• Aim of the task: Starting with the line that includes "A person in", write out every remaining line of the records below exactly as it appears, leaving out any images.

• Records:

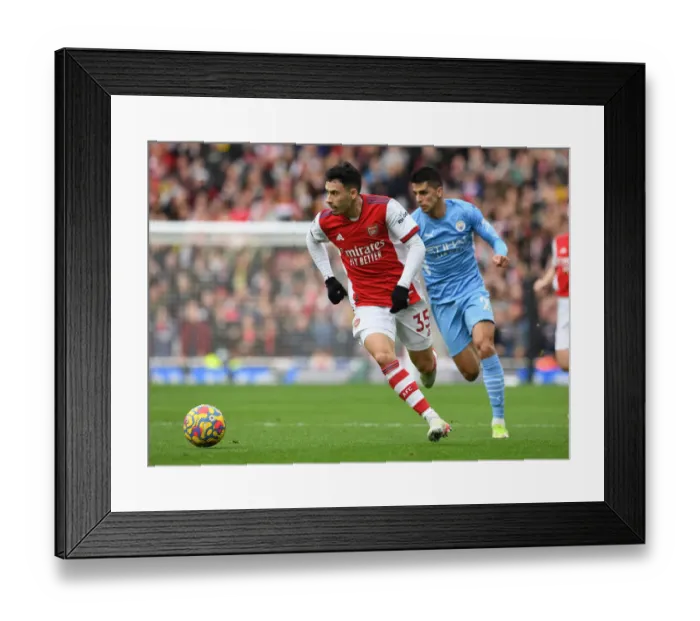 Framed Print : Martinelli vs. Cancelo: A Fiery Face-Off in Arsenal's Battle against Manchester City Framed Print : Martinelli vs. Cancelo: A Fiery Face-Off in Arsenal's Battle against Manchester City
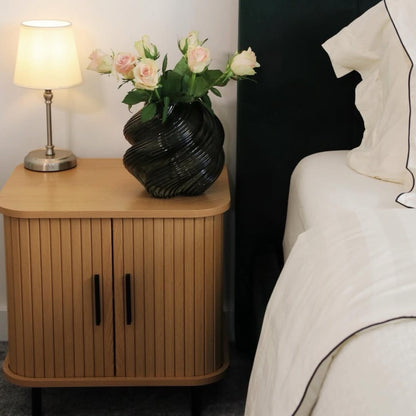 Oak-tone nightstand with vertical slatted doors and black handles beside a bed
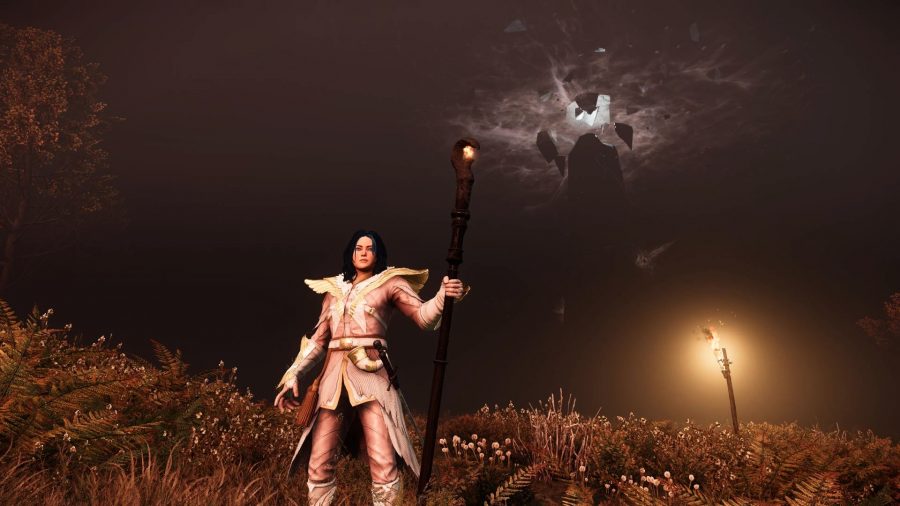 Standing against a dark sky with the fire staff in New World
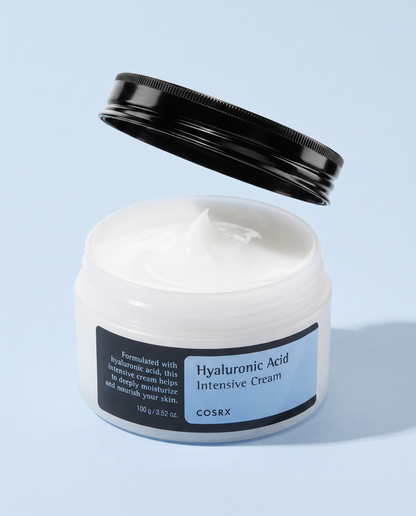 COSRX Hyaluronic Acid Intensive Cream 100g - black-lidded jar with the lid off, blue background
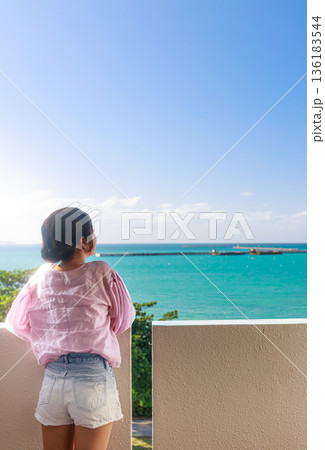 沖縄の海を眺める女性の後ろ姿　リゾートで過ごす穏やかな時間 136183544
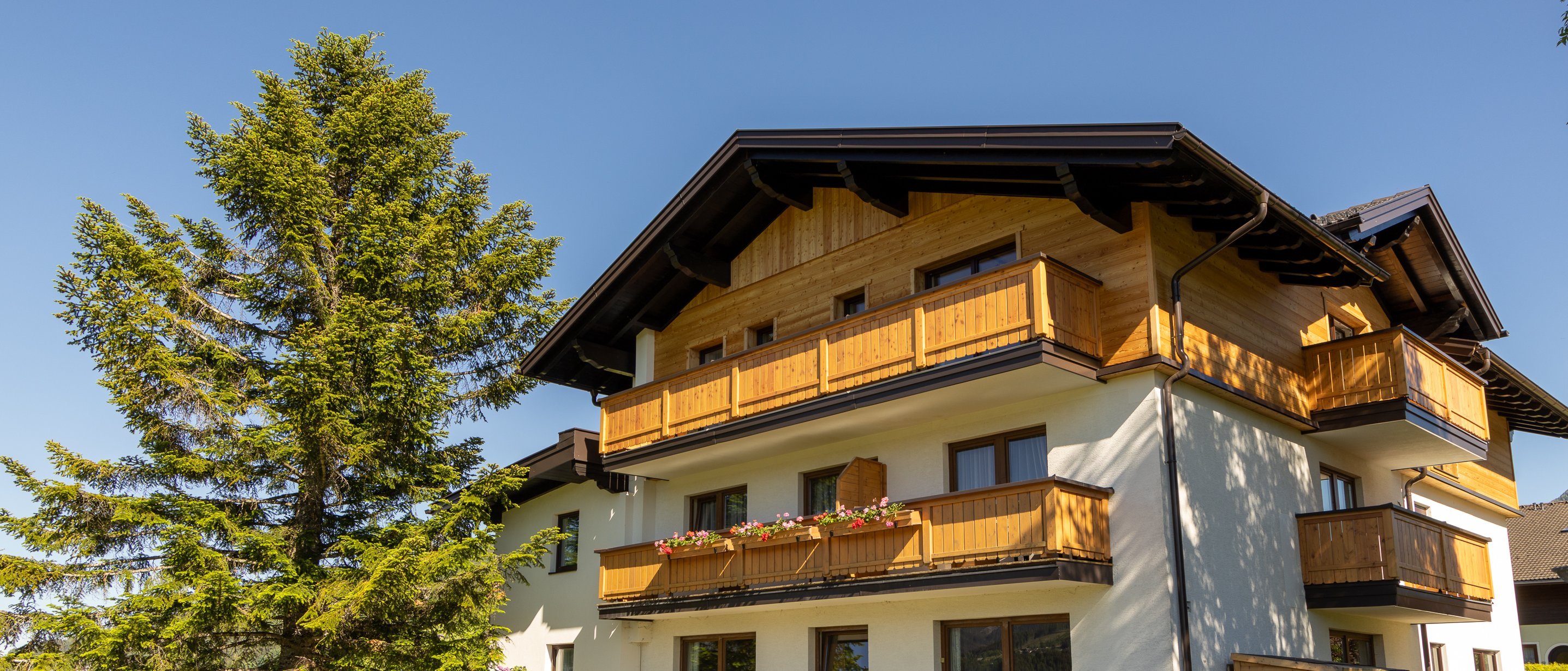Mountain Home with Scenic Balconies Multi-story house with wooden balconies set in a green landscape under a blue sky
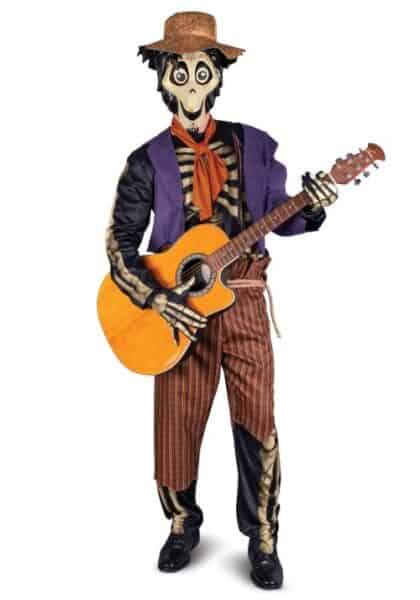 A person in a Hector skeleton costume, with a straw hat, red scarf, purple jacket, and striped pants, is holding an acoustic guitar and standing against a white background.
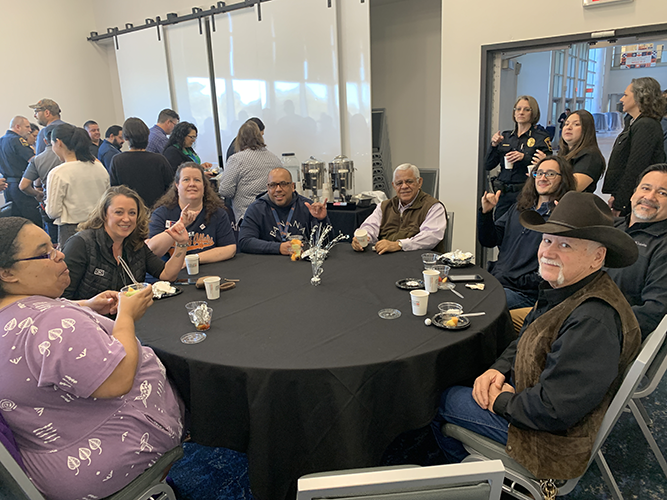 a table of happy UTSA employees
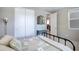 Bedroom boasts comfortable bedding, closet, and a natural-light window at 14770 W Voltaire St, Surprise, AZ 85379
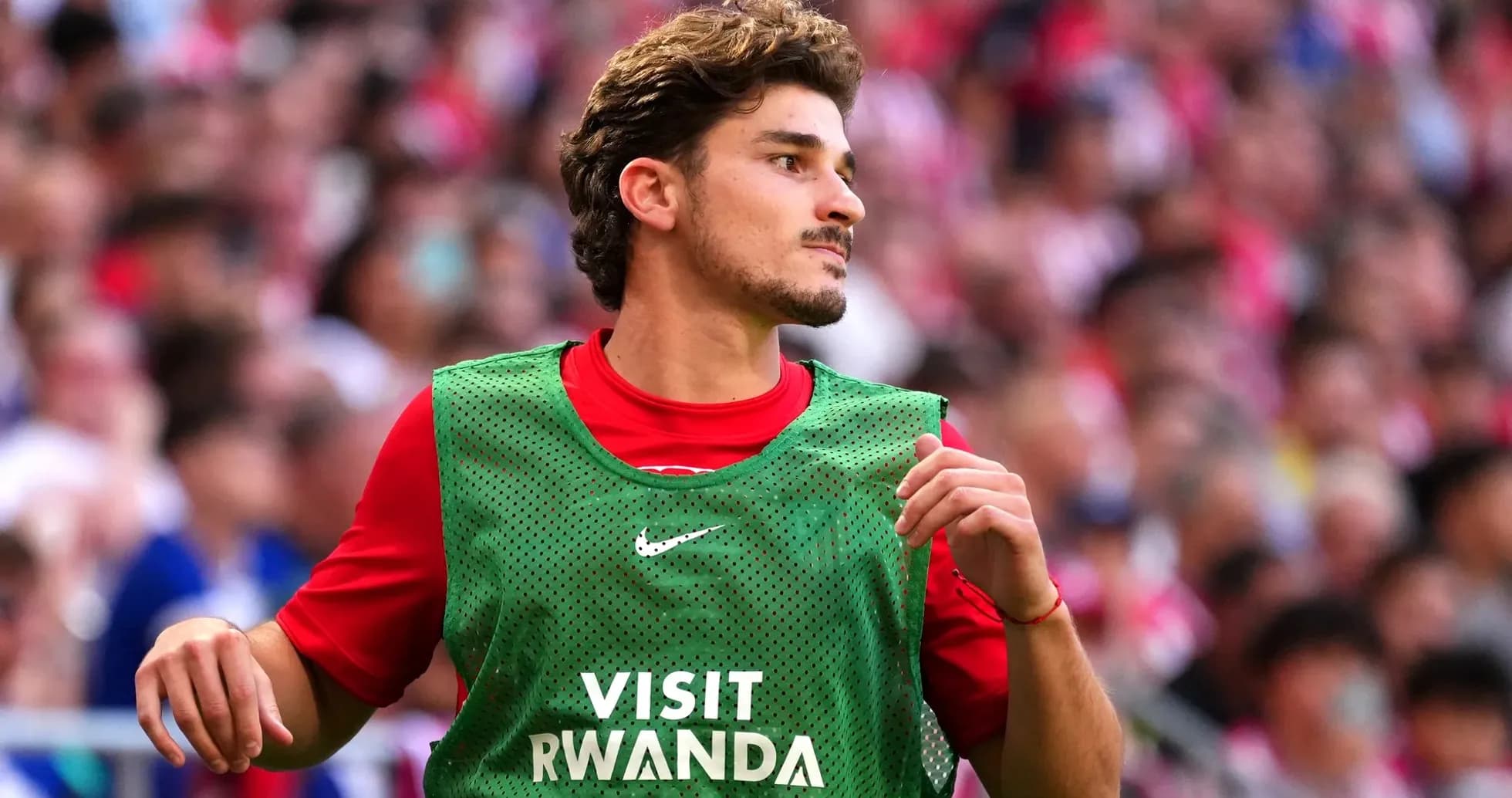 Jugador en el banquillo con chaleco de calentamiento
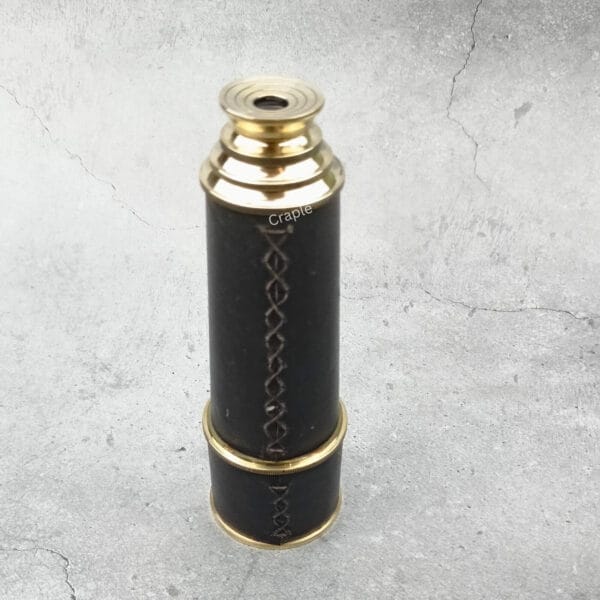 The collapsible nautical telescope in its compact, closed position, showing the hand-stitched leather detail.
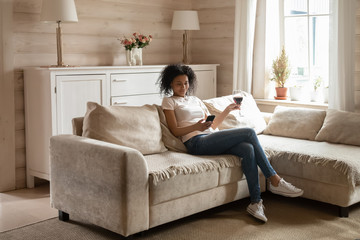 African American woman relax on couch enjoying weekend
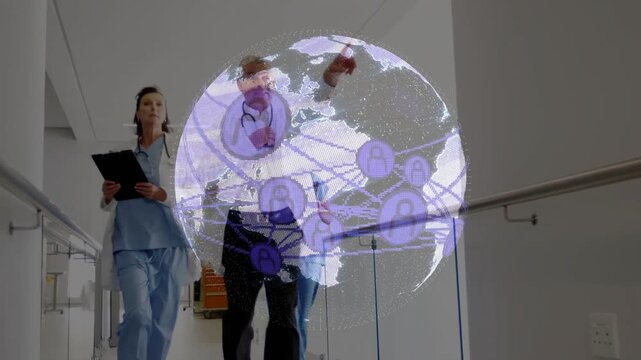 Medical team walking corridor while doctor pointing triggers rotating globe over tablet, for care
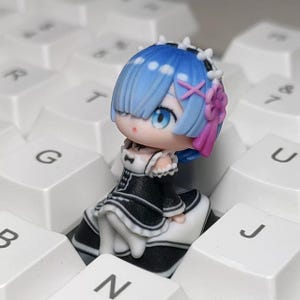 Może przedstawiać: Szczegółowa figurka postaci z anime z niebieskimi włosami, niebieskimi oczami i czarno-białą sukienką. Figurka ma różową kokardę i siedzi na białej klawiaturze. Klawisze klawiatury są widoczne w tle.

• Exercise response:
 A person in a Hector skeleton costume, with a straw hat, red scarf, purple jacket, and striped pants, is holding an acoustic guitar and standing against a white background.
 a table of happy UTSA employees
 Bedroom boasts comfortable bedding, closet, and a natural-light window at 14770 W Voltaire St, Surprise, AZ 85379
 Jugador en el banquillo con chaleco de calentamiento
 The collapsible nautical telescope in its compact, closed position, showing the hand-stitched leather detail.
 African American woman relax on couch enjoying weekend
 Medical team walking corridor while doctor pointing triggers rotating globe over tablet, for care
 Może przedstawiać: Szczegółowa figurka postaci z anime z niebieskimi włosami, niebieskimi oczami i czarno-białą sukienką. Figurka ma różową kokardę i siedzi na białej klawiaturze. Klawisze klawiatury są widoczne w tle.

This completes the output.